* **Records to use**
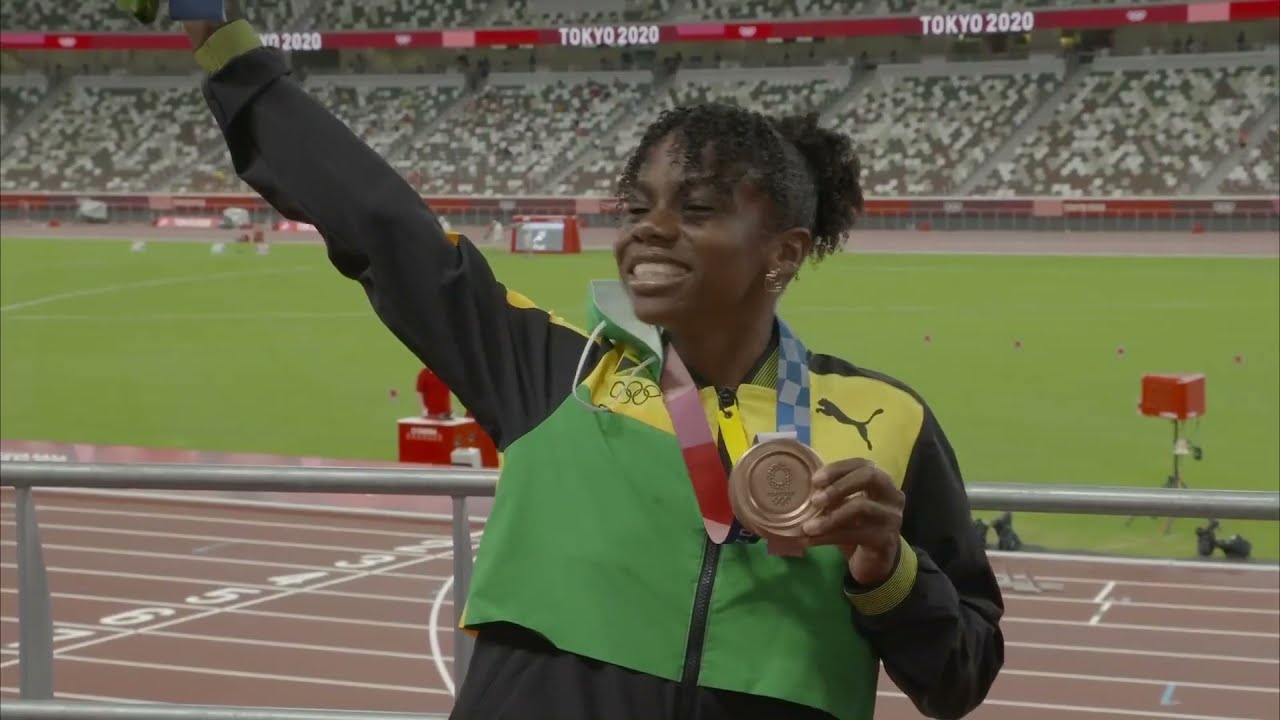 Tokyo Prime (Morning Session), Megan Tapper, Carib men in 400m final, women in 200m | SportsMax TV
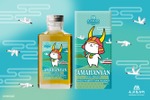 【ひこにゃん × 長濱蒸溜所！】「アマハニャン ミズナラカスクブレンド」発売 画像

---

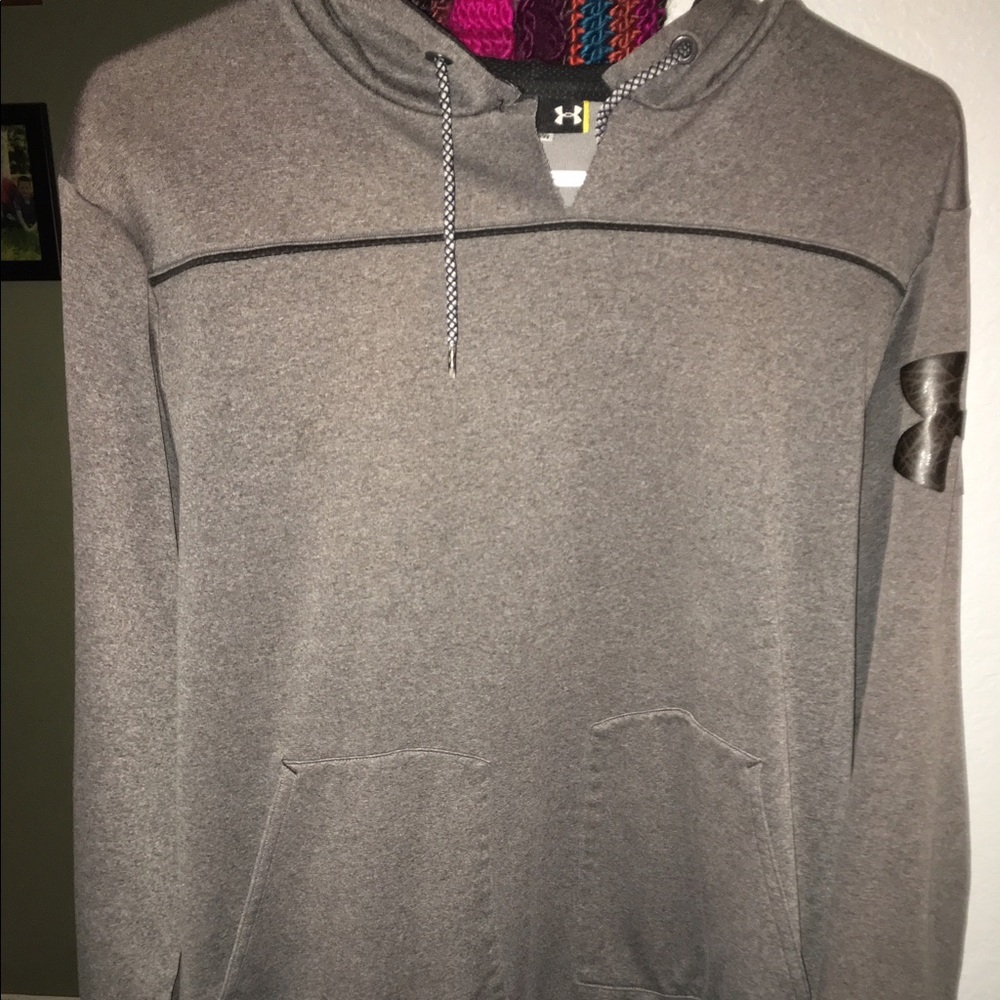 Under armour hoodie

* **Exercise**
Starting from the line with "Tokyo Prime (Morning" in the records above, repeat each line exactly until you have written the line with "長濱蒸溜所！】「アマハニャン ミズナラカスクブレンド」発売 画像", then stop; drop the pictures.

* **Response below**
 Tokyo Prime (Morning Session), Megan Tapper, Carib men in 400m final, women in 200m | SportsMax TV
 【ひこにゃん × 長濱蒸溜所！】「アマハニャン ミズナラカスクブレンド」発売 画像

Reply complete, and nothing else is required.